El Capítulo 4 repasa los misterios de la Trinidad, el pecado humano, la cruz y la llamada a la santidad, sirviéndose de la imagen de la fuente. Este capítulo confronta la popular imagen mental de Dios con el misterio de la Trinidad. La unidad del Padre, el Hijo y el Espíritu Santo es un eterno don-de-sí, que va de una a otra Persona. El don-de-sí eterno y Tri-Uno se presenta como la base para el don temporal de uno mismo en el ámbito de la identidad de la persona humana. Este capítulo explica cómo el pecado sabotea este don-de-sí mismo y reduce el flujo de la fuente bajo la insistente presión del querer tomar-para-sí. La persona humana lucha por vivir una vida de donación de sí, pero continuamente se enfrenta a la tendencia al pecado, en particular a través de los siete pecados capitales. Los efectos del pecado se enconan en nosotros, inclinándonos a pecar. El cristiano no puede derrotar el pecado y sus efectos por sus propios esfuerzos. Este capítulo presenta el misterio de la cruz como respuesta de Dios al pecado. Dios ofrece su propio don-de-sí en su Hijo, como la fuente de gracia por la que podemos recibir su misericordia. Ya solo este don de Dios vence el pecado humano. La vida del cristiano es, por lo tanto, una respuesta a la llamada a la santidad que se ofrece en la gracia de Dios a través de los sacramentos. Esto no ocurre de una manera exótica, automática o mágica. Los siete dones del Espíritu Santo (cfr. Is 11:2) edifican las siete virtudes (cfr. 1 Co 13:13; Sab 8:7) en el creyente. Las virtudes, por tanto, hacen que el creyente viva las bienaventuranzas (cfr. Mt 5:3-12). El Catecismo de la Iglesia Católica enseña que «Las bienaventuranzas responden al deseo natural de felicidad»[4]. La relación entre los siete dones, las siete virtudes y las bienaventuranzas es el modo en que cada cristiano queda transformado para vivir una vida santa y responder al deseo natural de felicidad.
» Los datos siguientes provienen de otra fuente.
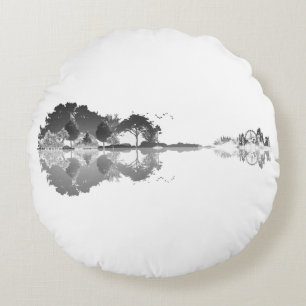 Nature's Song: Forest Landscape Gitarre Art Rundes Kissen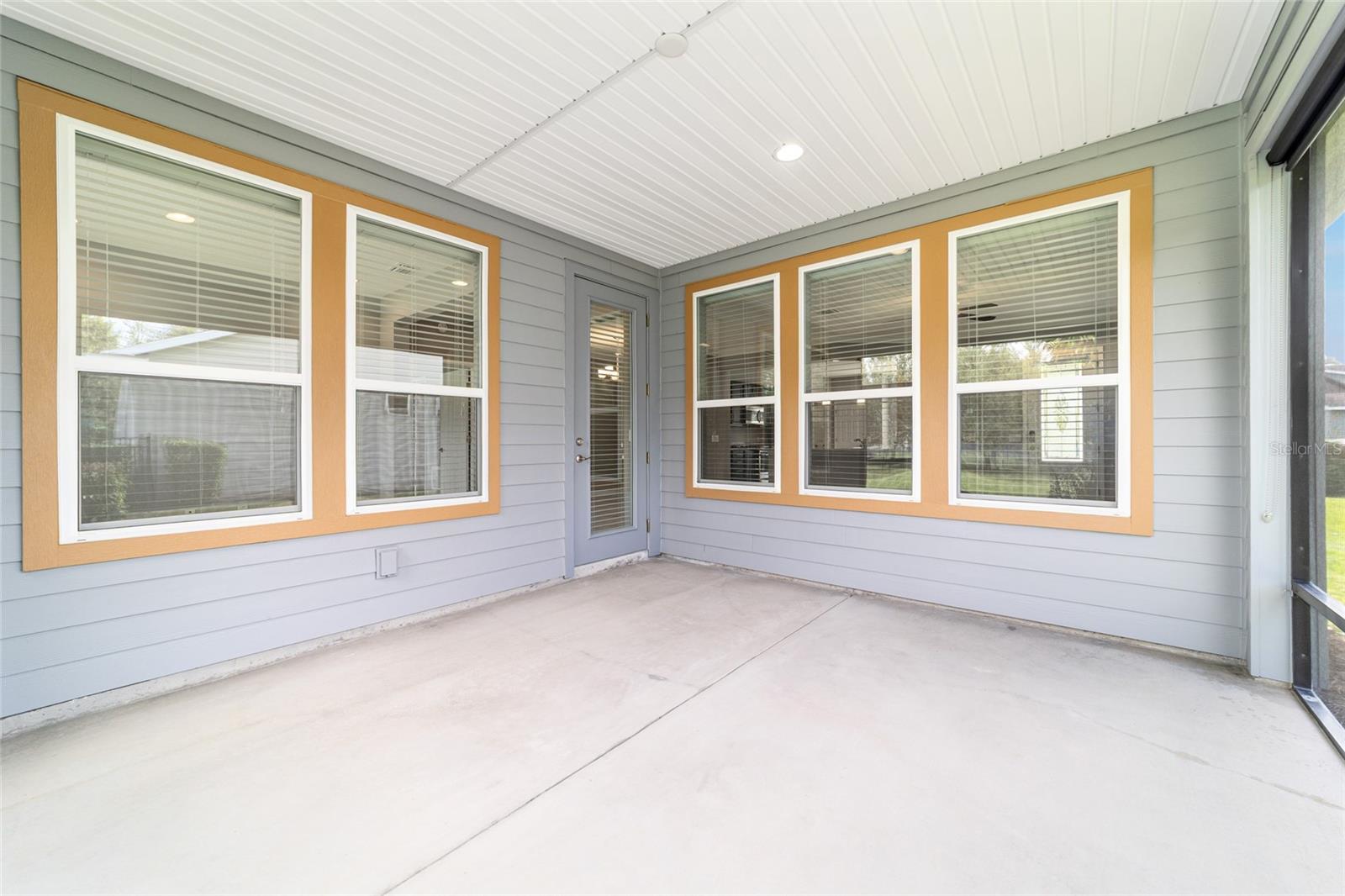 Image 43 of 65 For 3645 55th Circle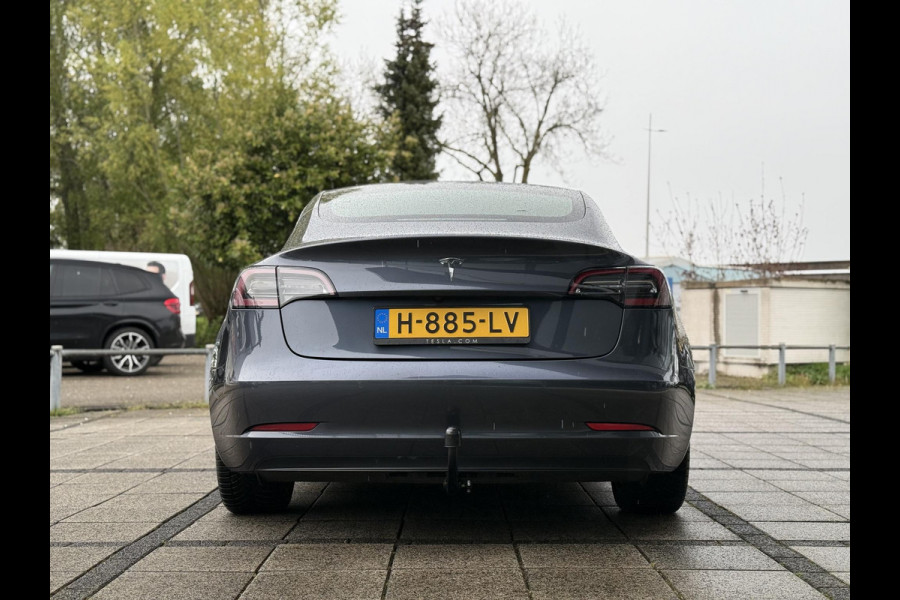 Tesla Model 3 Range Plus RWD | Autopilot | Panorama | Leder |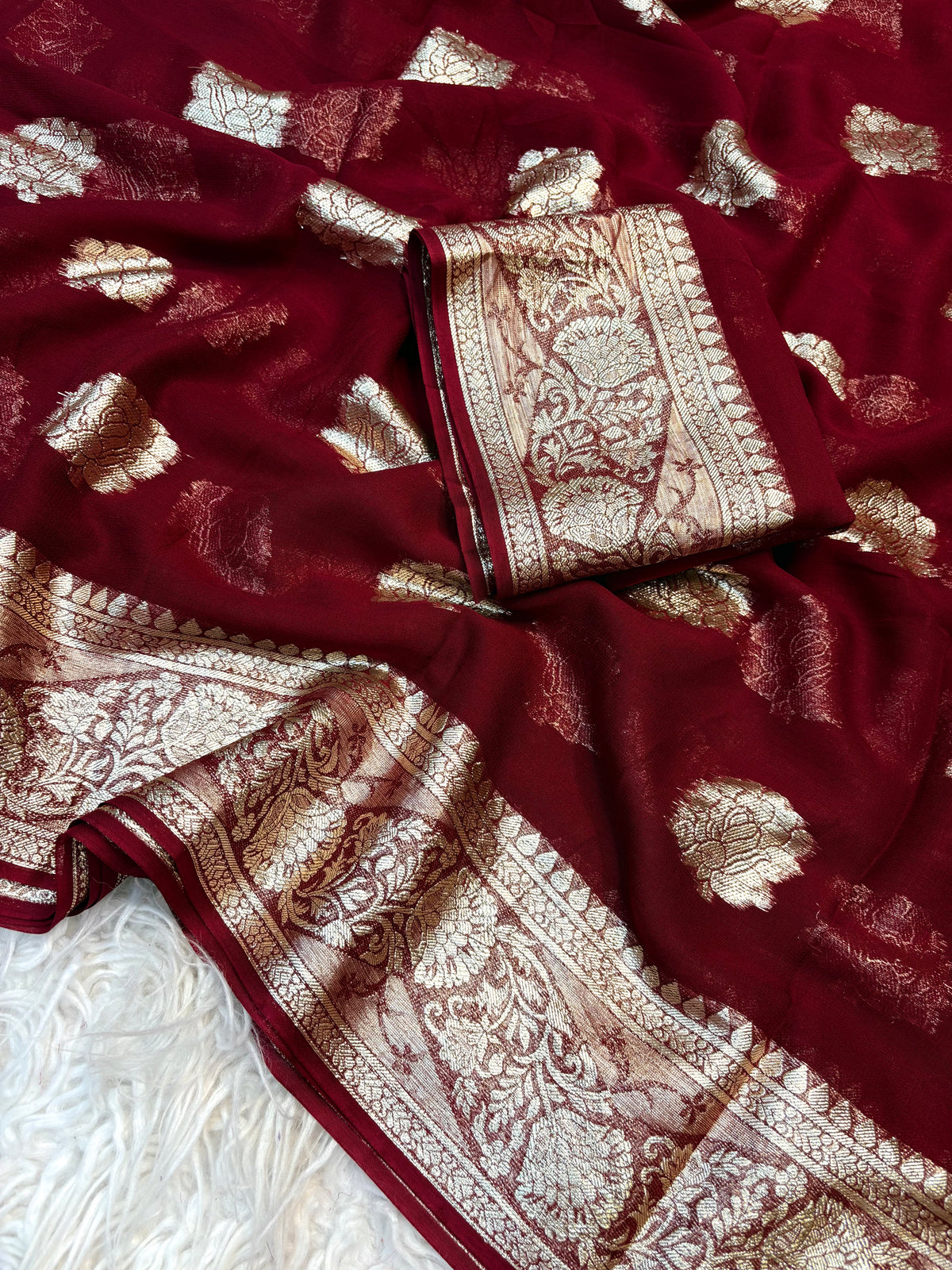 Blissful Party Wear Pure Viscose Georgette Fabric Jacquard Zari Work Fancy Designer Saree For Women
Este capítulo prepara para una próxima segunda parte, pues explica lo que la tradición enseña sobre la influencia de los siete dones del Espíritu Santo en el afianzamiento interior de la vida virtuosa, de modo que podamos vivir las bienaventuranzas.
Así pues, nos dirigimos ahora al Espíritu Santo, y le pedimos que nos acompañe en el camino y nos lleve a Jesús. Divisamos una misteriosa figura junto al pozo. Alza su mirada hasta nosotros, y comienza a hablarnos. Nos hace una sencilla pregunta.
1 Segunda plegaria eucarística del Misal romano, revisado de acuerdo con la segunda edición típica del Missale Romanum (1975), del 1 de marzo de 1985, para uso en las diócesis de los Estados Unidos de América.
2 Segunda plegaria eucarística de El misal romano, ibid.
3 Hans Urs von Balthasar muestra el especial significado de cada detalle del relato evangélico en el que Jesús se encuentra con la pecadora. Vid. Gloria. Una estética teológica. Vol. 1: La percepción de la forma. Encuentro, 1985.
4 Catecismo de la Iglesia Católica (CIC), nº 1718.